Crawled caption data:
------------------------------------------------

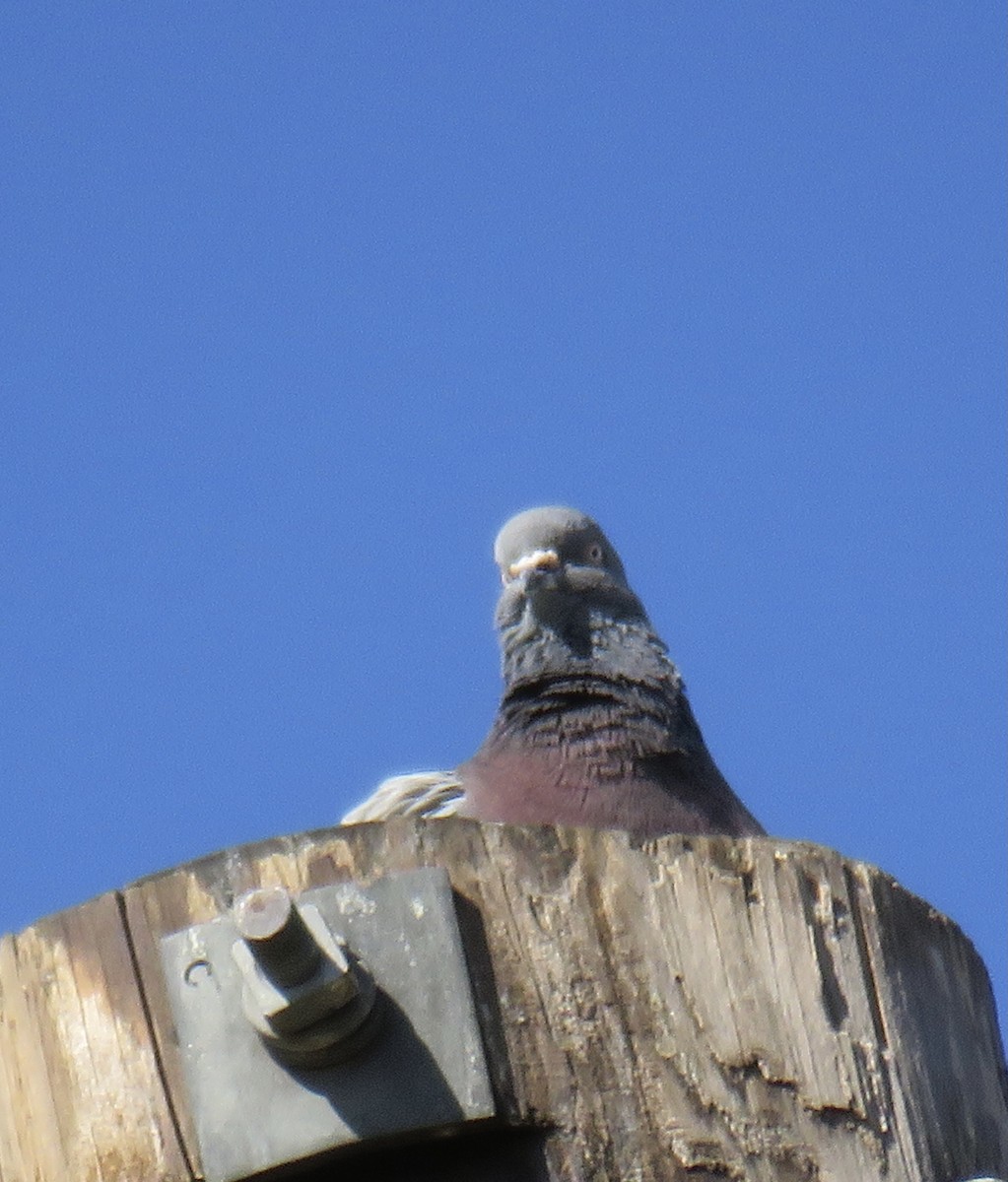 Rock Pigeon (Feral Pigeon) - ML317496081
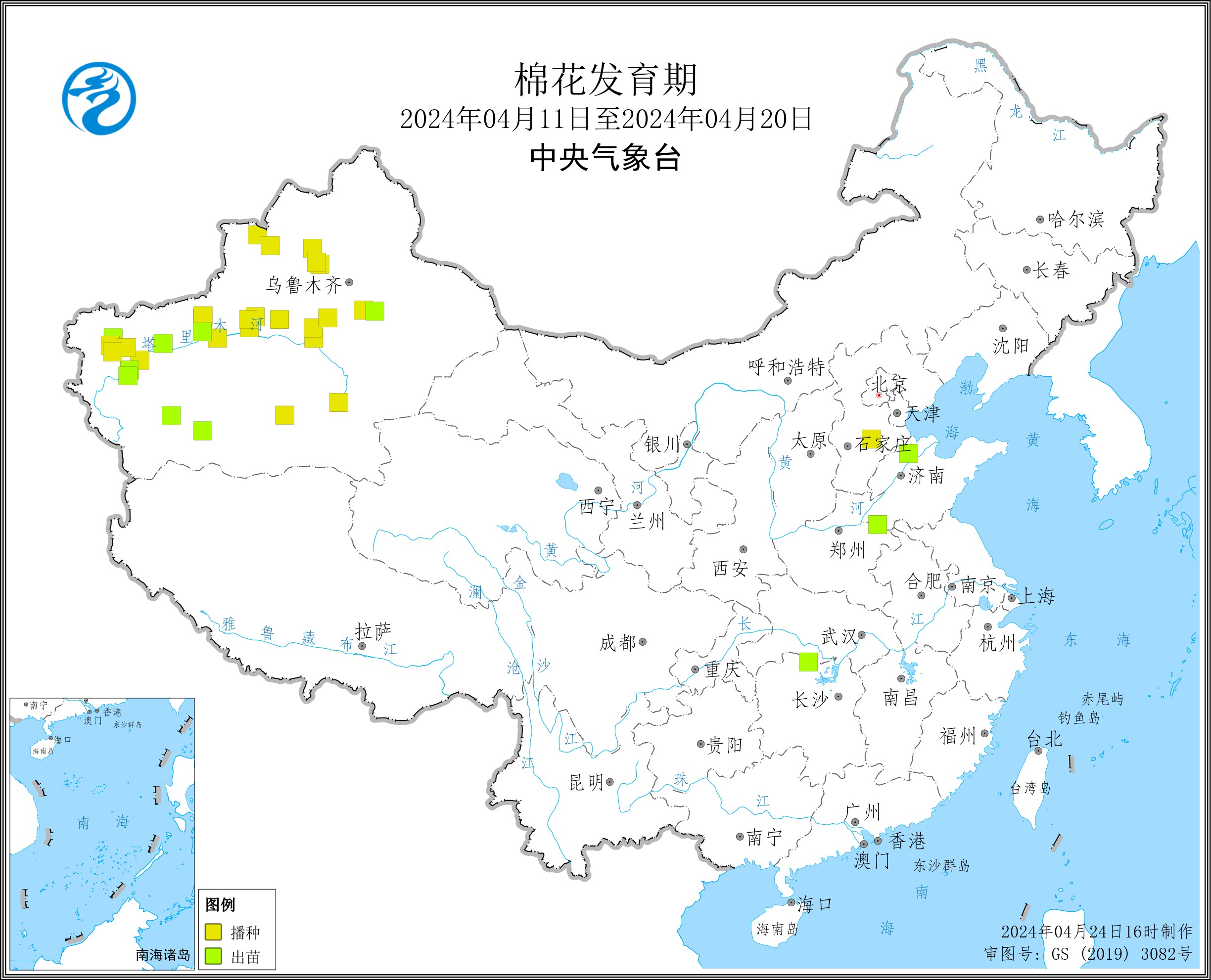 2024年4月中旬棉花发育期.jpg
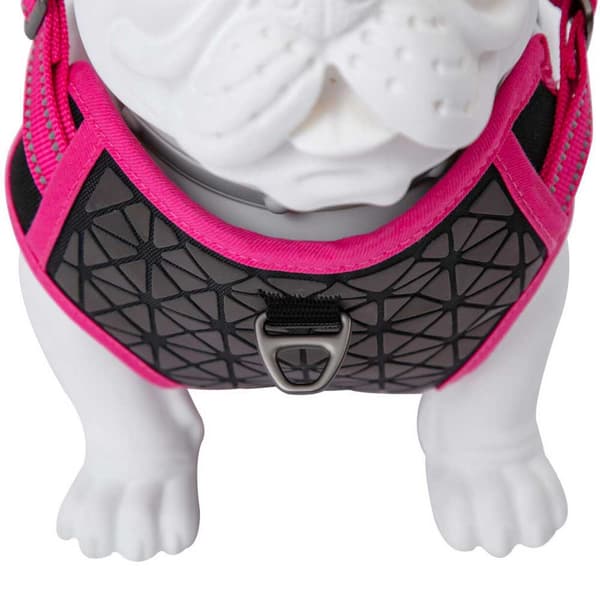 Freedog Boreal Sele Rosa 25 mm x 45-90 cm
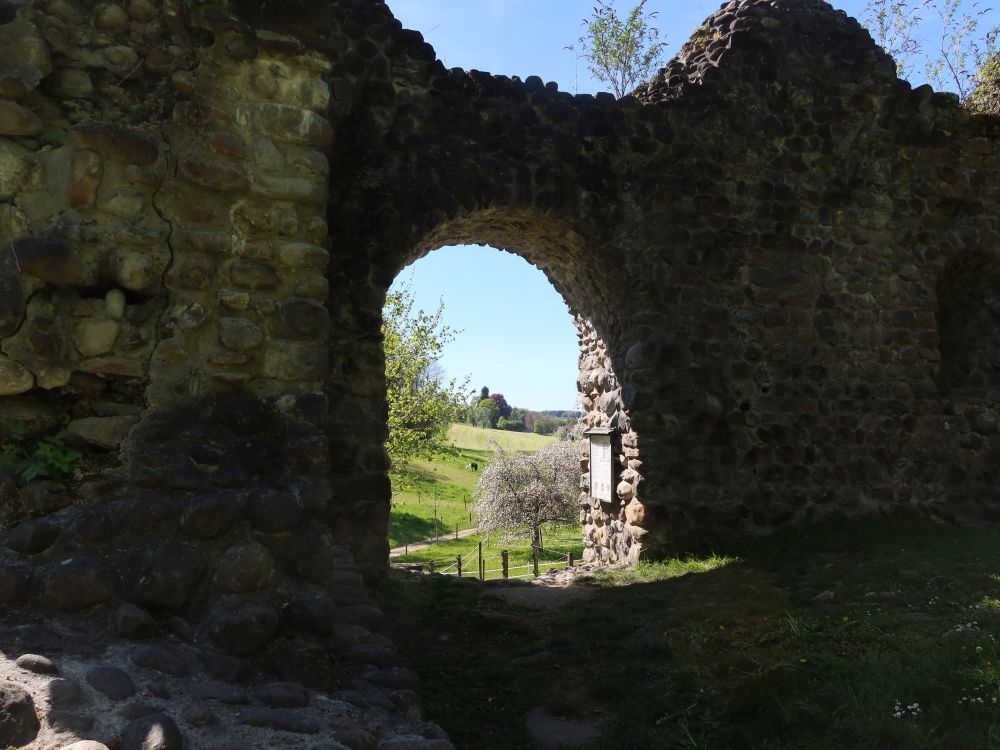 Ruine Steinerburg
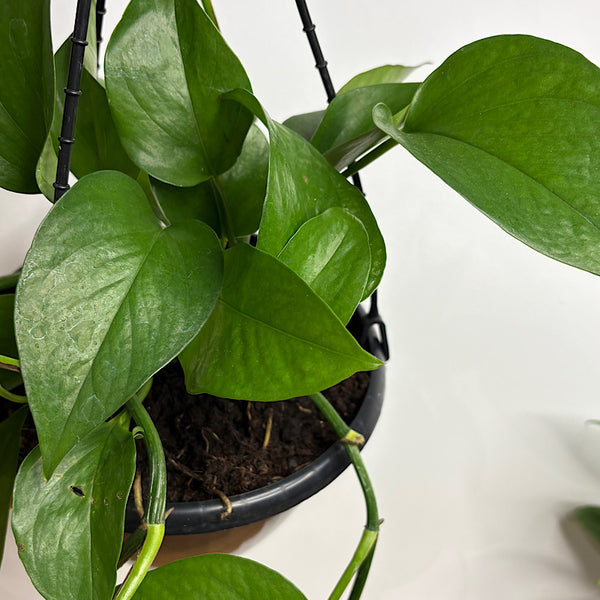 Epipremnum Aureum Green Dragon 200mm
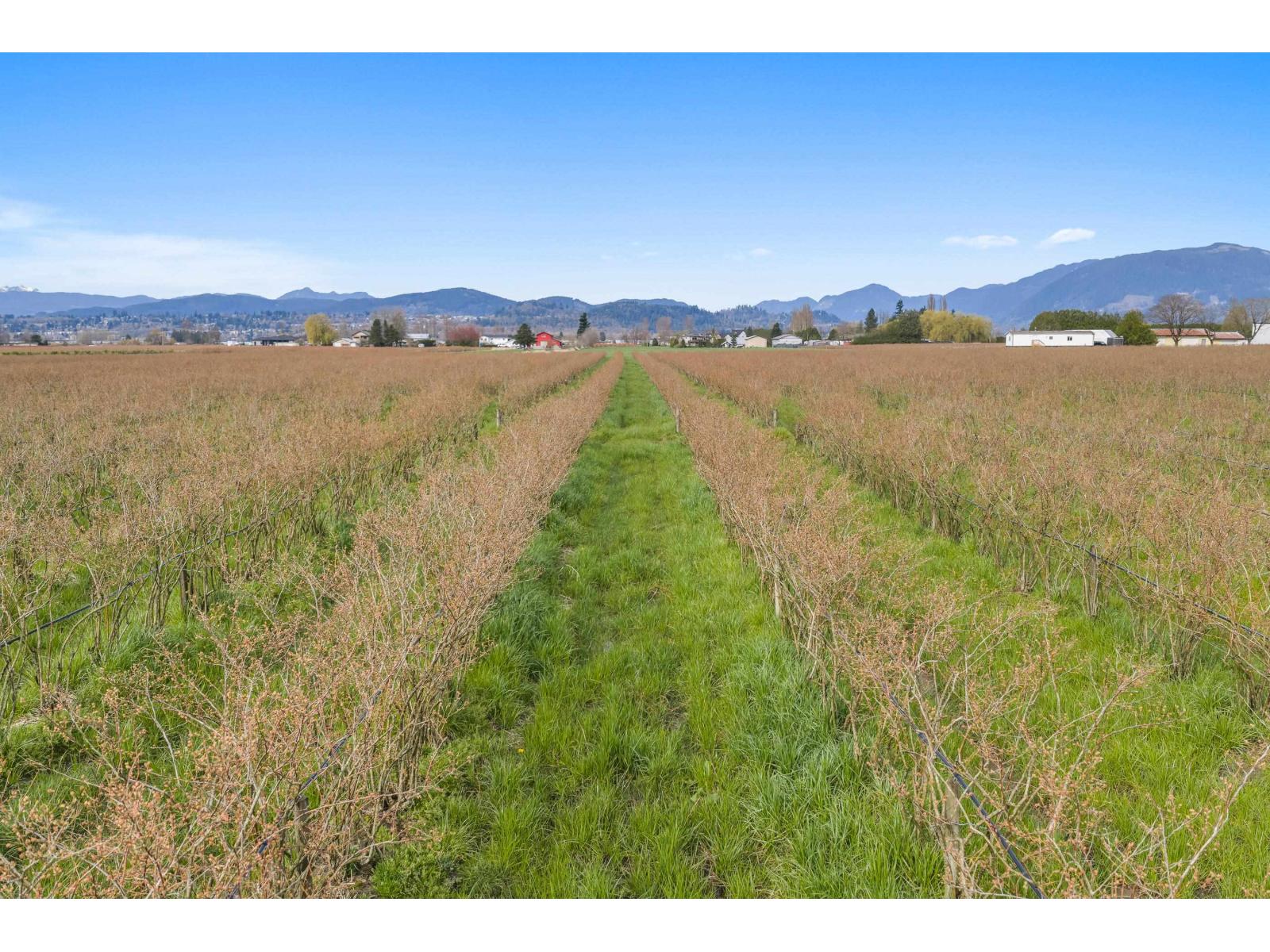 34211 HALLERT ROAD, Abbotsford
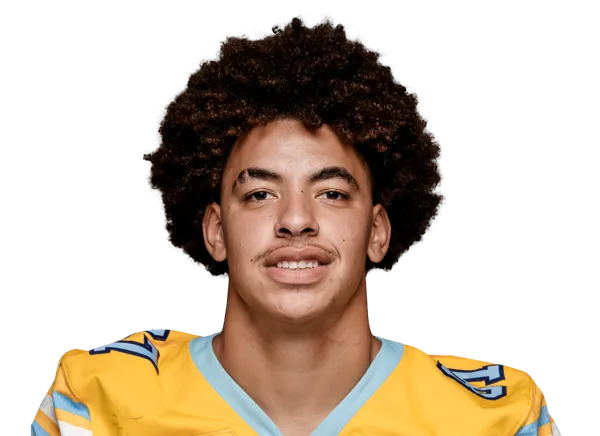 Davontae Brown, Football, undefined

------------------------------------------------

**The problem**
Repeat, exactly and only, the lines from the one containing "Ruine Steinerburg" through the final line of the data, both ends included, leaving out any picture.

**Answer space**
 Ruine Steinerburg
 Epipremnum Aureum Green Dragon 200mm
 34211 HALLERT ROAD, Abbotsford
 Davontae Brown, Football, undefined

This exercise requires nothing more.